Maurice Genevoix |
Ernst Jünger |
Bernard Maris |
Pierre
Pachet
Due
del 14
L'Indice
... Pierre Pachet, membro con Jean Lacoste e Tiphaine
Samoyault della direzione editoriale della “Quinzaine”, è autore di
un’ampia produzione saggistica, che spazia dal pensiero di Baudelaire
alle vicissitudini culturali e politiche dell’Europa dell’Est (Pachet è
di origine russa) e comprende testi autobiografici di una lucidità
appassionata e rigorosa molto particolare. Grecista in origine, è il
curatore della più recente e autorevole edizione francese della Repubblica di Platone. Uscito in apertura del primo numero di quest’anno della “Quinzaine” (n. 1096, 1°-15 gennaio 2014) con il titolo Deux de 14,
l’articolo commenta il libro di Bernard Maris*, in cui l’esperienza
della prima guerra mondiale, nell’occasione del centenario, è rivisitata
attraverso le testimonianze, esemplari nelle loro contrapposte
sensibilità e visioni, dei due grandi scrittori che si trovarono a
combattere sui due opposti fronti in una medesima battaglia: Maurice
Genevoix (1890-1980), autore di varie memorie e racconti pubblicati tra
il 1916 e il 1923, poi raccolti nel volume Ceux de 14 (1949) ed Ernst Jünger, autore di Tempeste d’acciaio (1920; Guanda, 1990).
Con stupefacente delicatezza
(trattandosi delle atrocità di massa della grande guerra) e con un
costante sforzo d’imparzialità, in questo libro (L’homme dans la guerre. Maurice Genevoix face à Ernst Jünger, pp.

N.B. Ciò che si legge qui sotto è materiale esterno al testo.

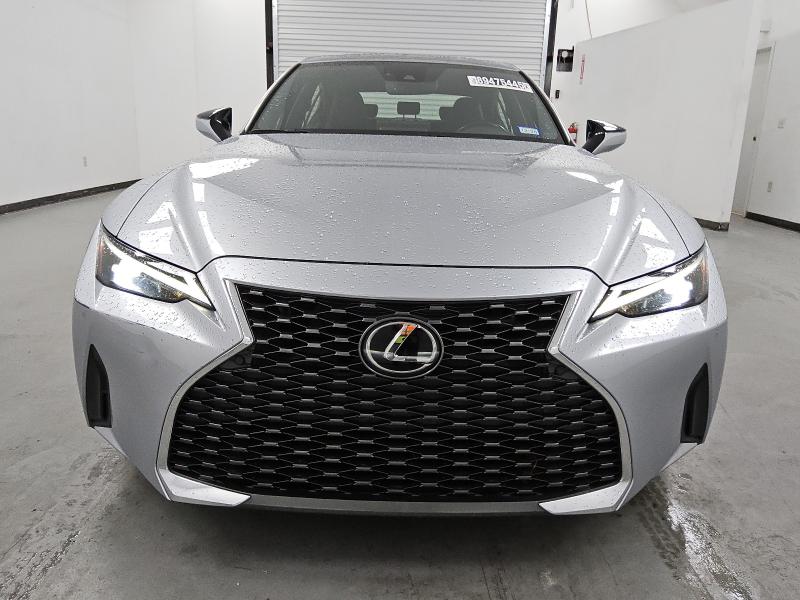 LEXUS IS 300 2023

80, € 16,Grasset, Paris 2014) Bernard Maris rimette uno di fronte
all’altro questi due combattenti in campi opposti, feriti lo stesso
giorno sulla cresta di Les Éparges, nella Mosa, il 25 aprile 1915, per
mettere a confronto il modo in cui hanno vissuto e descritto situazioni
simmetriche. In realtà, sono anche due scrittori notevoli, benché
Maurice Genevoix abbia paradossalmente un po’ sofferto del successo dei
suoi racconti sulla Sologne e sugli animali, e degli infiniti dettati
scolastici tratti da Raboliot e da Rroû, dettati
divenuti, temo, troppo difficili per gli alunni di oggi. Bernard Maris
li ha amati: prima Jünger, poi Genevoix (i due d’altronde non si sono
mai né conosciuti né letti), ed ecco che li mette a confronto tra loro.

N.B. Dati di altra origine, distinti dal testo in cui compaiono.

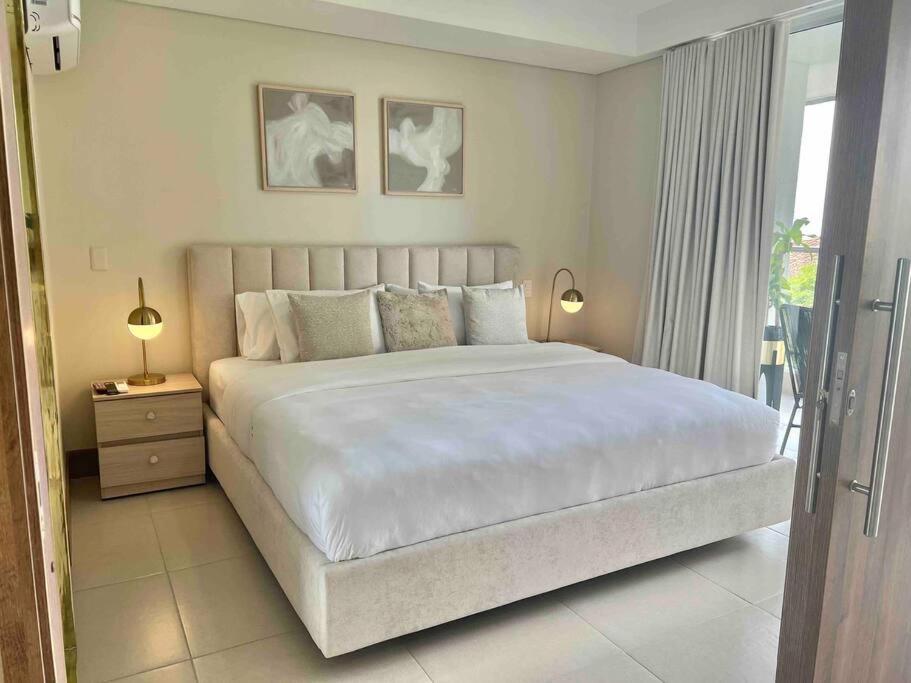 Glamorous New 2BR Apartment in Granada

A meno di sedici anni, Jünger,
dandy e scrittore nato, si arruola per un breve periodo nella legione
straniera, poi parte a diciannove anni per il fronte. È fortunato:
“Ferito quattordici volte, mai gravemente, salvato dalla ferita
riportata a Les Éparges (la sua unità viene decimata), salvato da
un’altra ferita agli inizi della battaglia della Somme, alla quale non
partecipa nei primi giorni (la sua unità è totalmente annientata, non
sopravvive nessuno)”. Nel 1918, riceve la croce “al merito”; sarà
l’ultimo tedesco a portarla quando morirà, a 102 anni, divenuto “il
sopravvivente” nel senso sinistro che Elias Canetti dà a questo termine
in un capitolo di Massa e potere. Il suo libro magnifico e spaventoso, Tempeste d’acciaio,
più volte riscritto, dal 1918 al 1978 (“i suoi curatori nella “Pléiade”

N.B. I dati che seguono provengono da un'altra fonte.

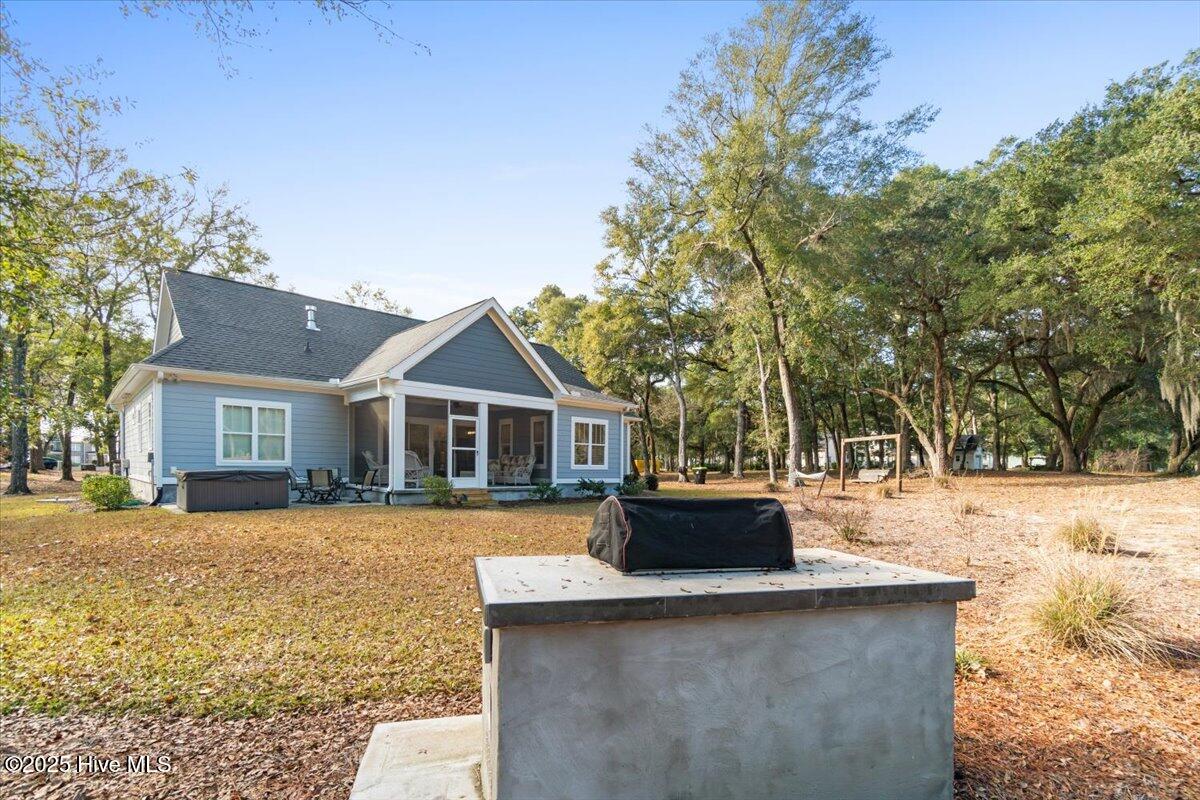 424 Shoreline Drive W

rilevano 2500 varianti”), è uno dei più belli e dei più veri su quello
che fu la prima guerra mondiale.
Nel 1915, Genevoix ha ventiquattro
anni. È uno studente brillante (primo in graduatoria all’École normale
supérieure), noncurante e seduttore; la guerra ne fa uno scrittore e un
guerriero, un capo preoccupato di far cessare il panico e di risparmiare
le vite dei suoi uomini. Incidentalmente, Bernard Maris confuta la
frase “stupida” di Barbusse, che in Le Feu scrive: “Non ci sono
quasi intellettuali, artisti o ricchi che durante questa guerra abbiano
rischiato la vita nelle trincee, se non di sfuggita, né kepi
gallonati”. Maris: “I gallonati, dell’École normale o della scuola
militare di Saint Cyr si son fatti massacrare più degli altri...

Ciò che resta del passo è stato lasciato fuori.